- WORK REQUEST:
Copy exactly the lines of the data below, beginning with the line with "This is what" and ending with the line with "These photos capture". Pictures are to be omitted.

- DATA EXCERPTS:

---+---

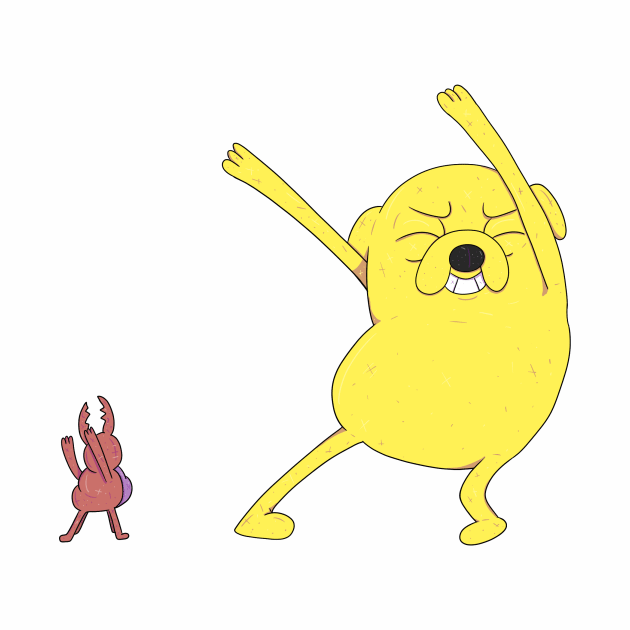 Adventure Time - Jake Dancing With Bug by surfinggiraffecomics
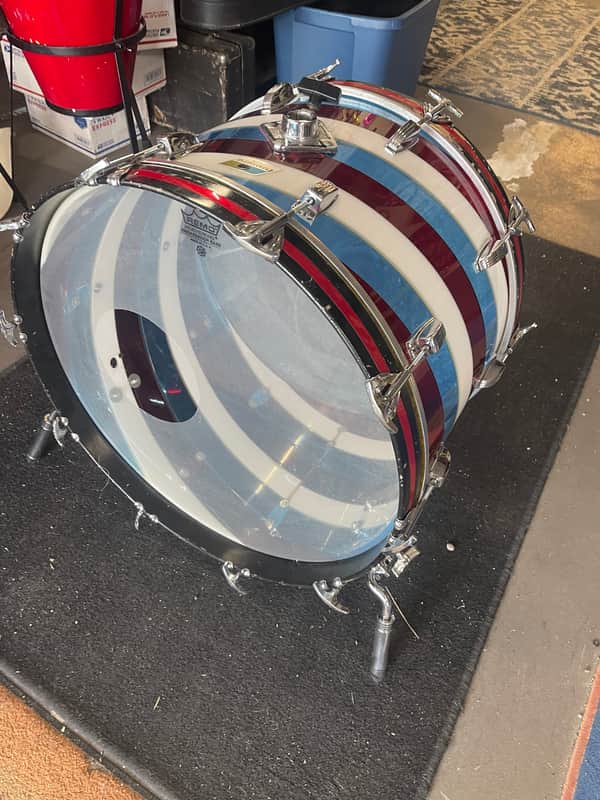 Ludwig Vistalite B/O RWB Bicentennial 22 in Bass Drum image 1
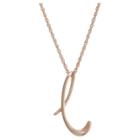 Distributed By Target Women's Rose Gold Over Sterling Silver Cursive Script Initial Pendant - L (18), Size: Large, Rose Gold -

---+---

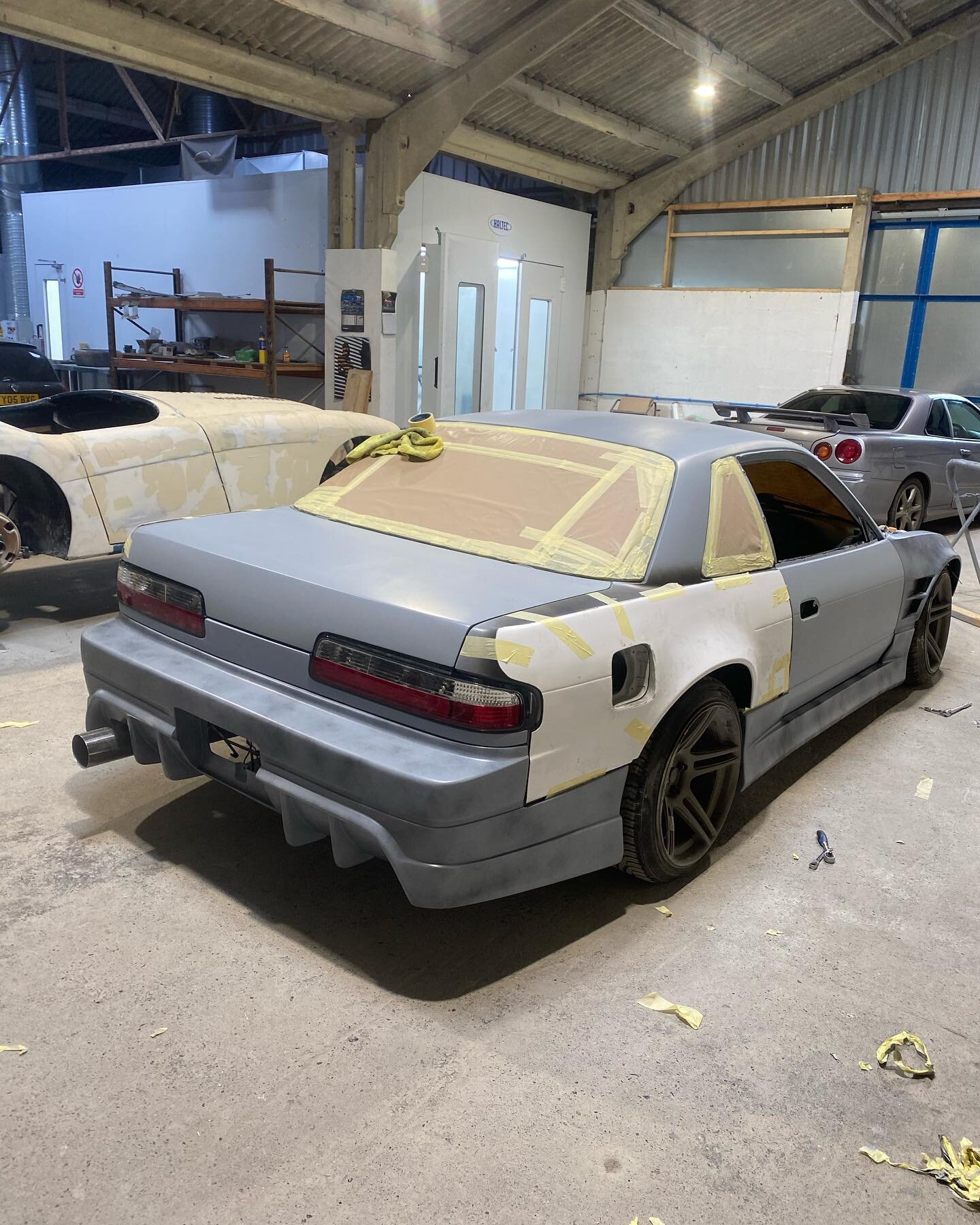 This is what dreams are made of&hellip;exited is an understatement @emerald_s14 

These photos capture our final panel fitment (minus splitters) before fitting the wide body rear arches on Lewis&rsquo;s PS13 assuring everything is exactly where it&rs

---+---

- RESPONSE BOX:
 This is what dreams are made of&hellip;exited is an understatement @emerald_s14 

These photos capture our final panel fitment (minus splitters) before fitting the wide body rear arches on Lewis&rsquo;s PS13 assuring everything is exactly where it&rs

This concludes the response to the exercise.